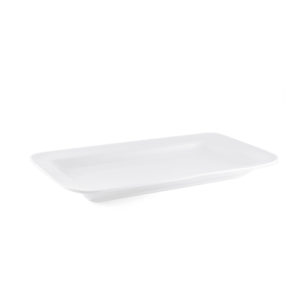 Ivory Porcelain Rectangular Buffet Plate
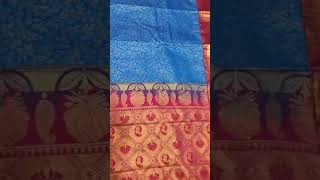 ₹4699 Pure kanchipuram semi silk sarees with rich pallu and blouse 41 brocket sarees saree [upl. by Rehpotsirh]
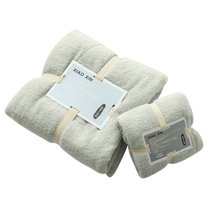 PRETXORVE Bath Towel Set, Large Bath Towels, Cotton 2 in 1 Bath Towel and Face Towel Soft-Bath Towels Set OF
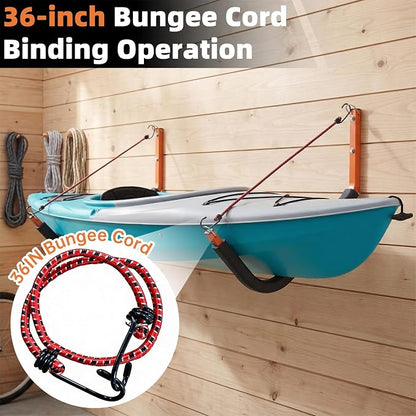 Large Heavy Duty Kayak Wall Mount & Kayak Storage Rack, Garage Hooks - Image 7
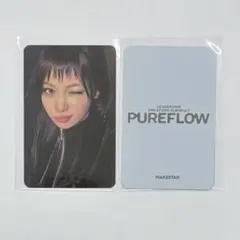LE SSERAFIM チェウォン トレカ Pureflow makestar LE SSERAFIM PUREFLOW makestar チェウォン トレカ - メルカリ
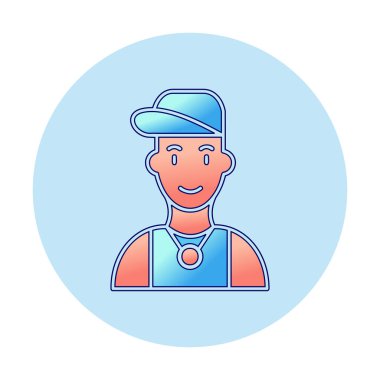 Hip Hop Man ikon vektör illüstrasyonu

**What you are asked to do**
Every line above should be retyped exactly; the pictures do not belong in the copy.

**Task response**
 Ivory Porcelain Rectangular Buffet Plate
 ₹4699 Pure kanchipuram semi silk sarees with rich pallu and blouse 41 brocket sarees saree [upl. by Rehpotsirh]
 PRETXORVE Bath Towel Set, Large Bath Towels, Cotton 2 in 1 Bath Towel and Face Towel Soft-Bath Towels Set OF
 Large Heavy Duty Kayak Wall Mount & Kayak Storage Rack, Garage Hooks - Image 7
LE SSERAFIM チェウォン トレカ Pureflow makestar LE SSERAFIM PUREFLOW makestar チェウォン トレカ - メルカリ
 Hip Hop Man ikon vektör illüstrasyonu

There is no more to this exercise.